Writes to multiple-object volumes

To make simulating a large scale hierarchy feasible, we have so far considered only the cost of renewing volume leases. We have not examined the cost of renewing or invalidating object leases. This simplification affects our results in two ways. First, it causes us to understate average read time because in reality clients will sometimes have valid volume leases but still need to fetch object leases. This effect should be modest because object leases are much longer than volume leases. Second, this simplification may cause us to understate the benefit of consistency proxies, particularly when read frequency is low, because consistency proxies can cache long object leases more effectively than short volume leases. To calibrate the effect of object leases for popular servers, we run several simulations with multiple object leases per volume. The results are illustrated in Figures 5 to 10. Due to space constraints, we show the graphs for the dynamic hierarchy algorithm and omit those for the static algorithm; the static results differ little from the dynamic ones.


  
Figure 5: Average read latency under the dynamic algorithm as the write frequency for 10 objects in a server volume is varied. Average read frequency per client is fixed at 0.01 read per client per volume lease period.


  
Figure 6: Same as Figure 5, except that the read frequency is 0.1 read per client per volume lease period.


  
Figure 7: Average server messages per volume lease period under the dynamic algorithm as the write frequency for 10 objects in a server volume is varied. Average read frequency per client is fixed at 0.01 read per client per volume lease period.


  
Figure 8: Same as Figure 7, except that the read frequency per client is 0.1 read per client per volume lease period.

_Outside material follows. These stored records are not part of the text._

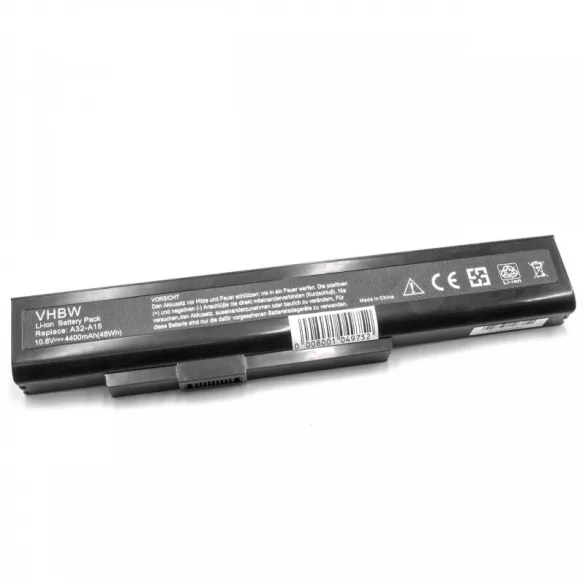 Medion A32-A15 10.8V 4400mAh utángyártott akkumulátor - VHBW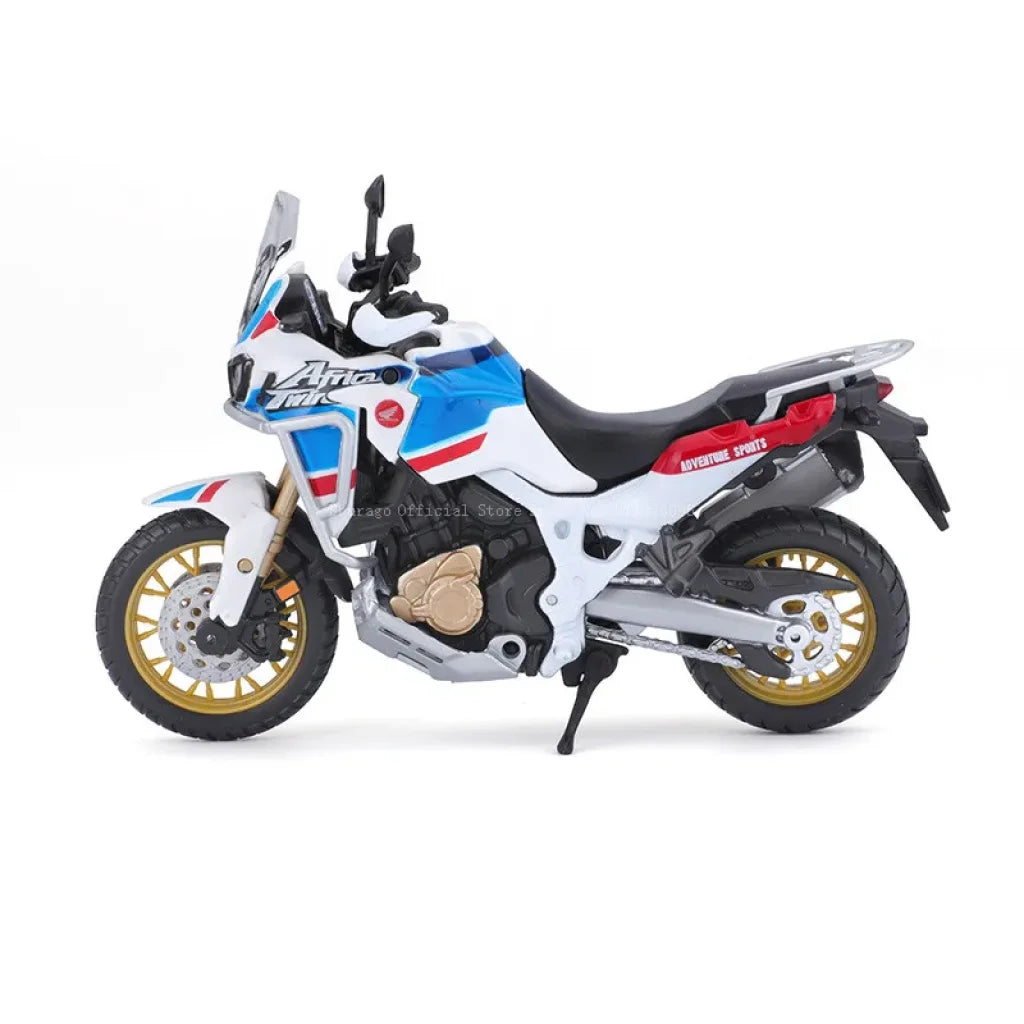Bburago 1:18 Honda Africa Twin Adventure Alloy Motorcycle Model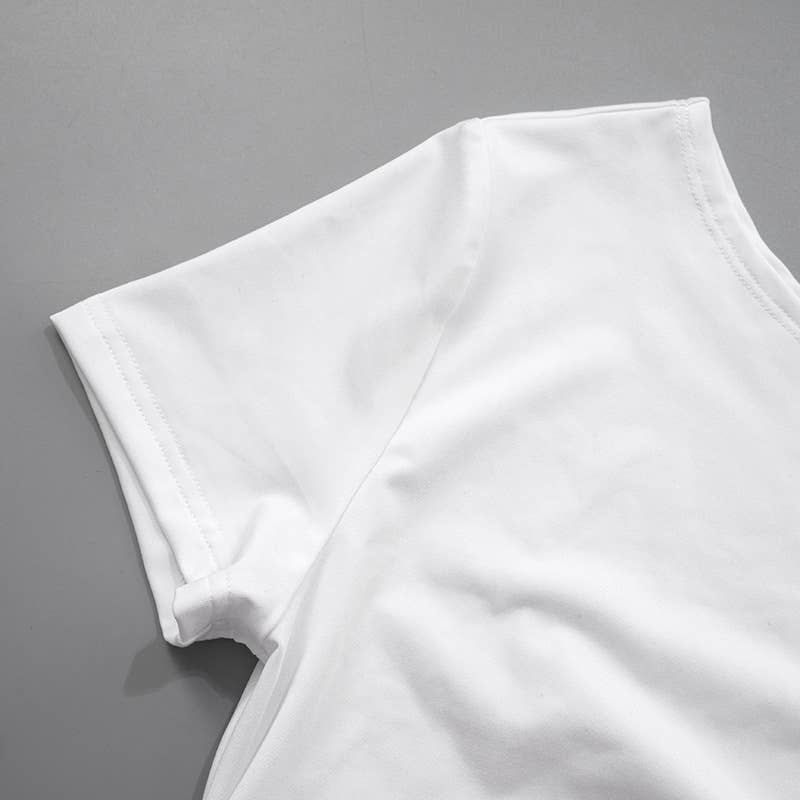 Solid One-Shoulder Asymmetrical Cropped Top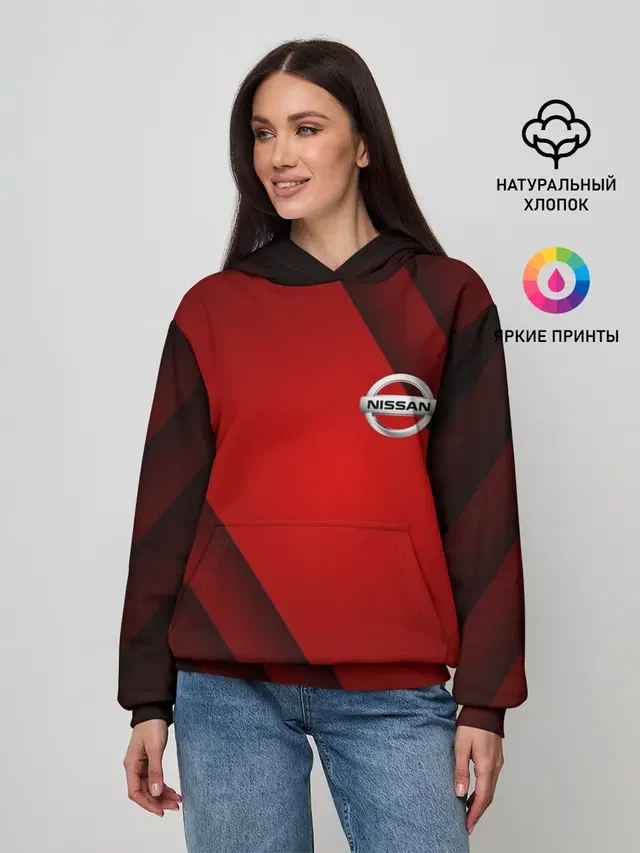 Женское худи с принтом «Nissan»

In these experiments, the server volume contains 10 objects. Each object is modified independently with average write frequency varying from 0.1 writes to 1000 writes per client read. We illustrate performance for servers that have average 0.01 read and 0.1 read per volume lease per client. For example, a system with 30 second volume leases, 3000 seconds between client reads, and 300 seconds between writes would correspond to the Write Frequency = 10 point in Figure 5.

Figure 5 shows the average read latency as the write frequency changes. Each client issues an average of 0.01 reads per volume lease period. When write frequency is between 0.1 to 10 writes per client read, the results closely match our simplified experiment. Only after write frequency gets higher than 10 writes per client read does the read latency increase become noticeable. Figure 6 is similar to Figure 5, except the read frequency is set to 0.1 reads per volume lease period instead of 0.01. Figures 7 and 8 show the average server load under the same workload as Figures 5 and 6.


  
Figure 9: Average write latency seen by server for the dynamic algorithm as the write frequency for 10 objects in a server volume is varied. Average read frequency per client is fixed at 0.01 read per client per volume lease period.


  
Figure 10: Same as Figure 9, except that the read frequency per client is 0.1 read per client per volume lease period.


Figures 9 and 10 show the average write latency as the write frequency changes. We calculate the write latency by finding the critical path from when the server sends its first invalidation until it receives the final reply. At each node, N, of the hierarchy, we charge $writeCost(N) = nValidChildren(N) \cdot costPerChild + latencyToChild(N) +
\max_{\forall{c \mid c \in children(N)}}(writeCost(c))$ where nValidChildren(N) is the number of N's direct children that have valid volume leases. Note that by using the delayed invalidation optimization [20], the sending of invalidation messages to nodes whose volume leases have expired can be removed from the critical path. The latency to a child is determined by the topology according to our standard formula, and the cost per child is set to 1 ms.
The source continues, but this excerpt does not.